The whole listing is to be written out again exactly; the pictures are not.

Input below:

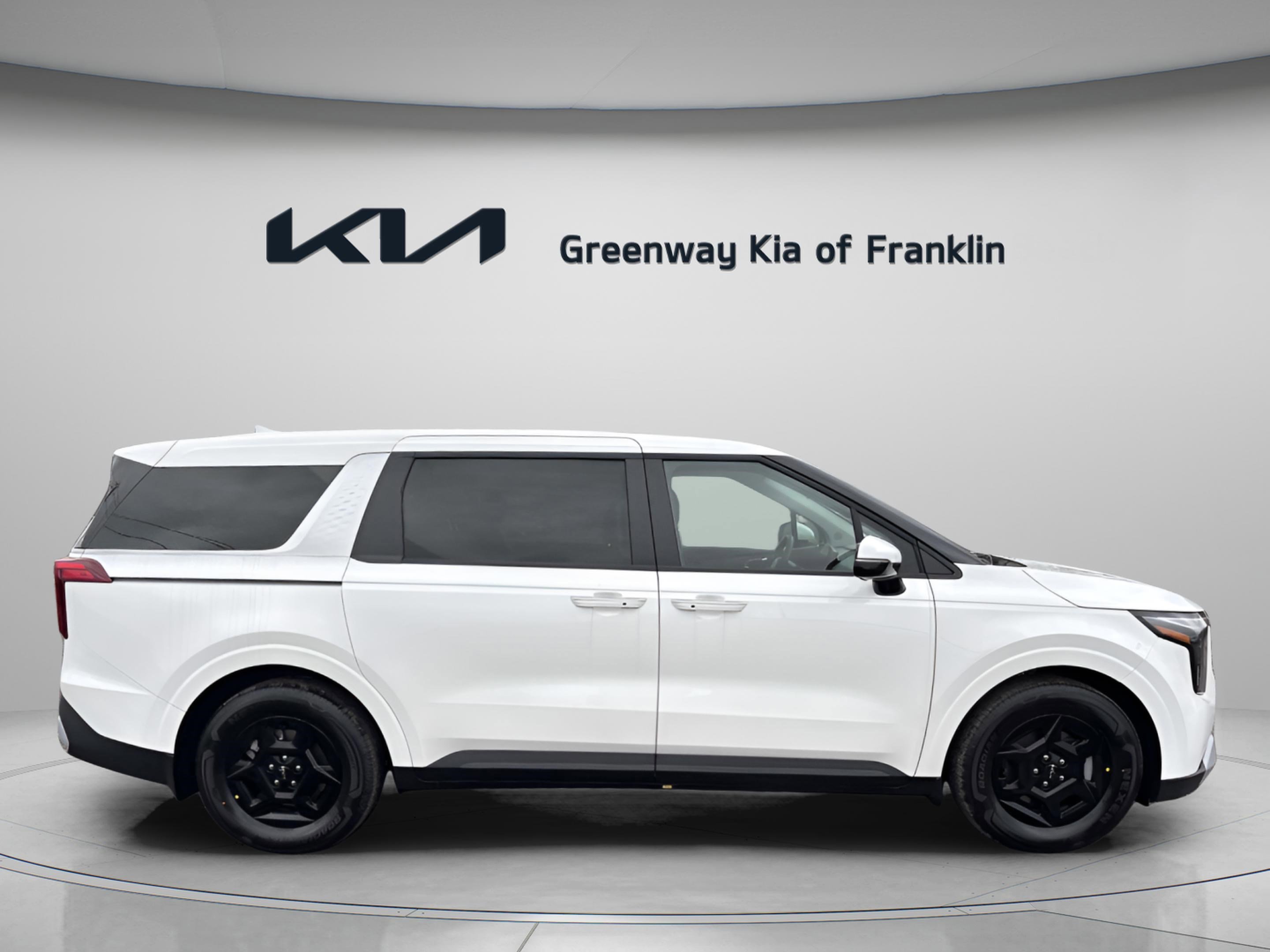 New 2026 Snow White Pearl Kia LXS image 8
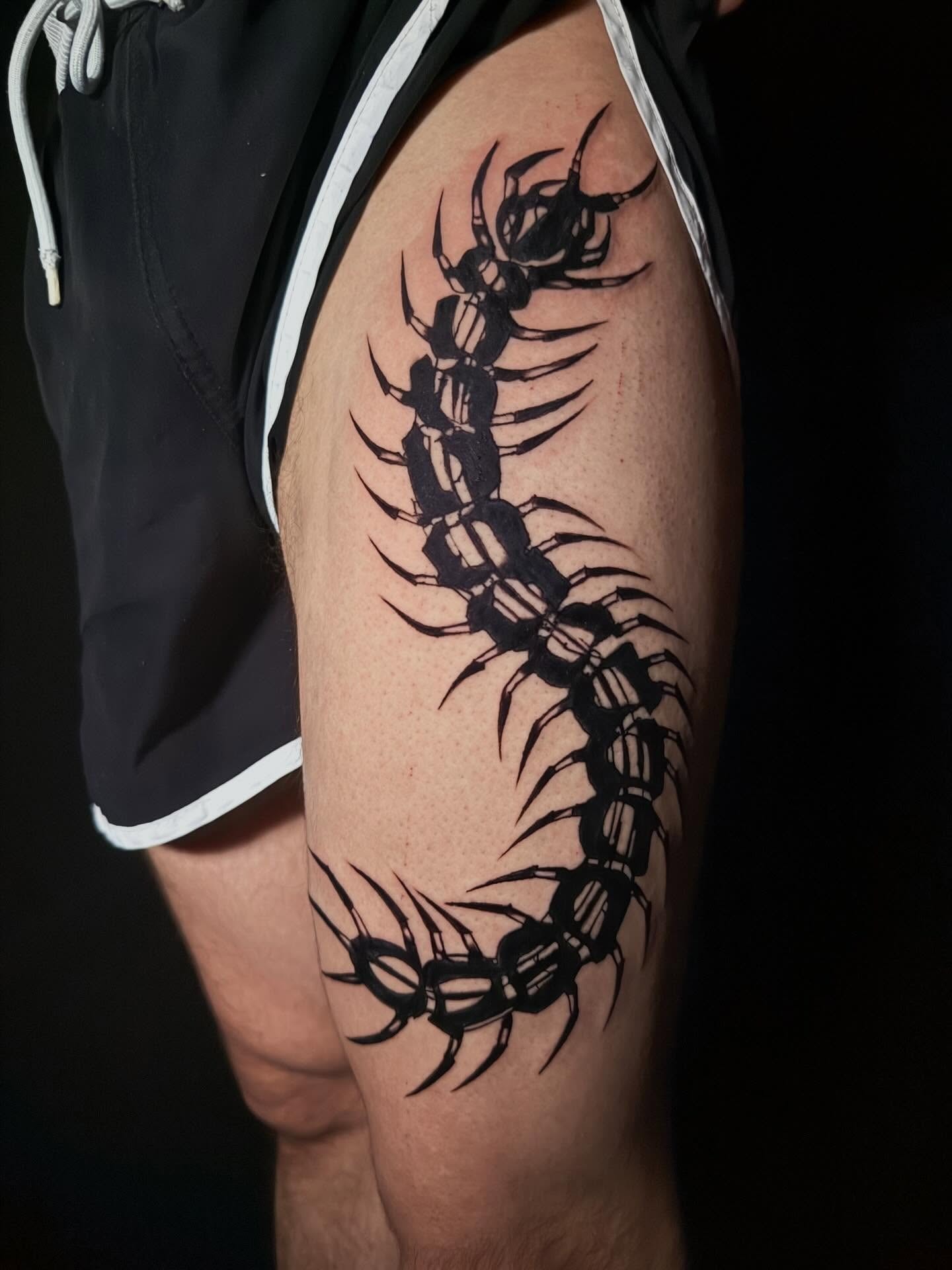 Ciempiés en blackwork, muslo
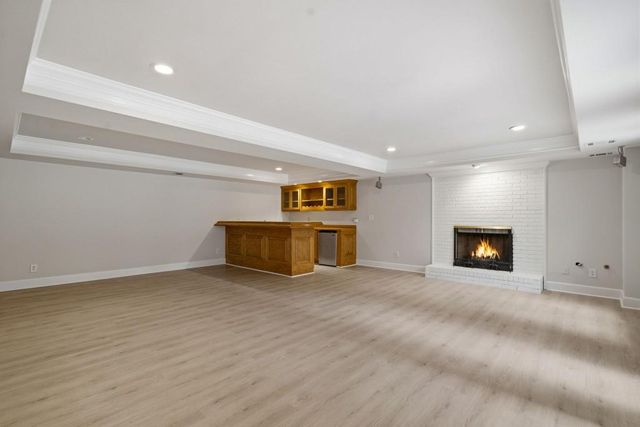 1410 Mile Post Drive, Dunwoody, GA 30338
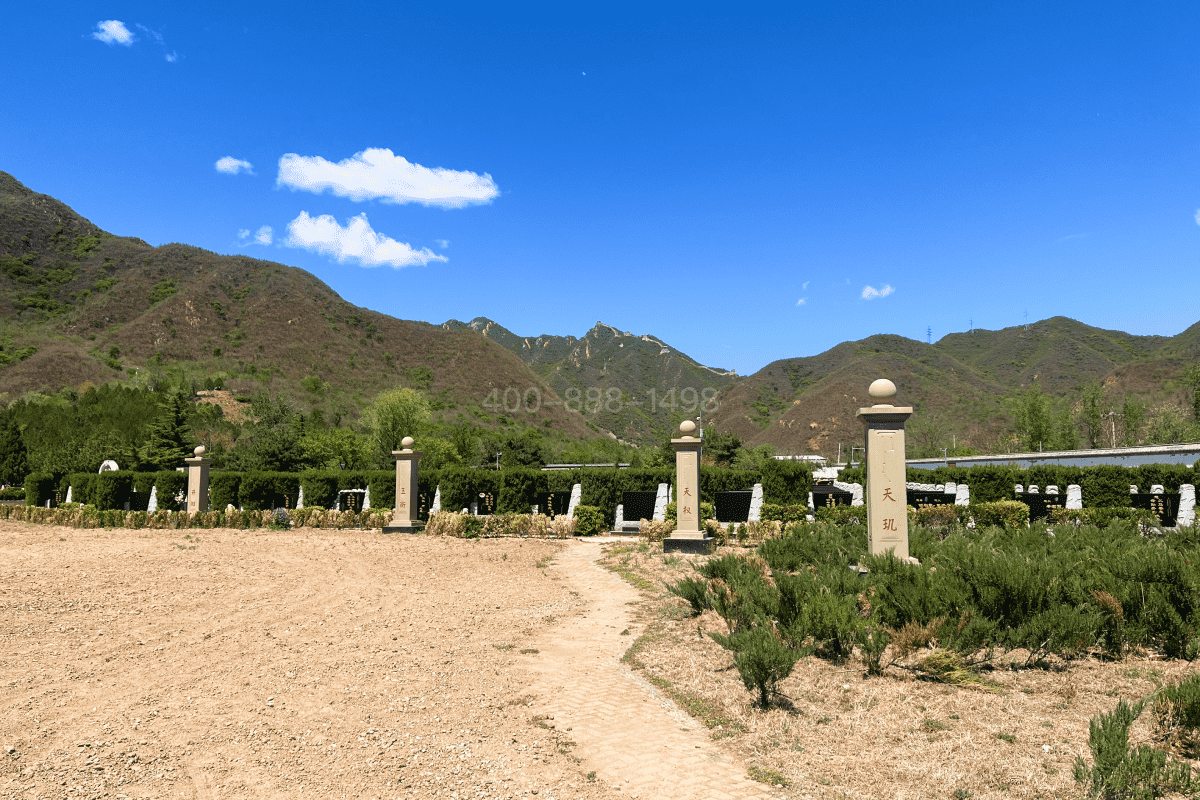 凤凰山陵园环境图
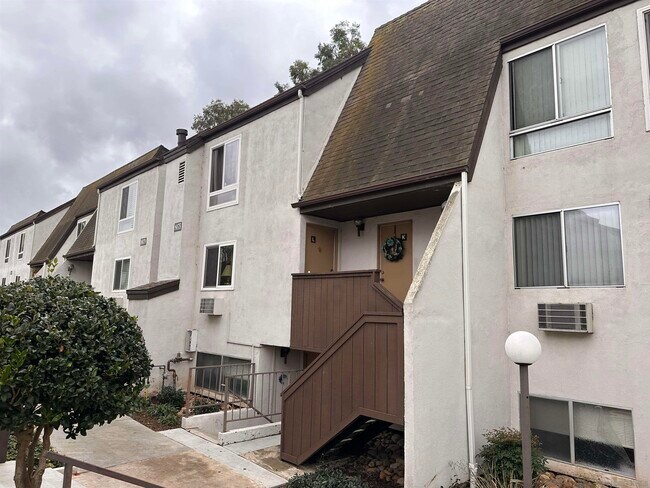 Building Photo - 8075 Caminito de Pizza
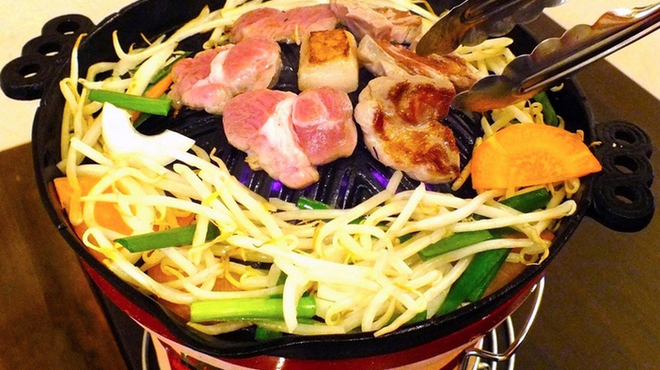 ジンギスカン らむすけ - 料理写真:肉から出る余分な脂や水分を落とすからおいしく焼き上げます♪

End of Input.

• **Solution to this exercise**:
 New 2026 Snow White Pearl Kia LXS image 8
 Ciempiés en blackwork, muslo
 1410 Mile Post Drive, Dunwoody, GA 30338
 凤凰山陵园环境图
 Building Photo - 8075 Caminito de Pizza
 ジンギスカン らむすけ - 料理写真:肉から出る余分な脂や水分を落とすからおいしく焼き上げます♪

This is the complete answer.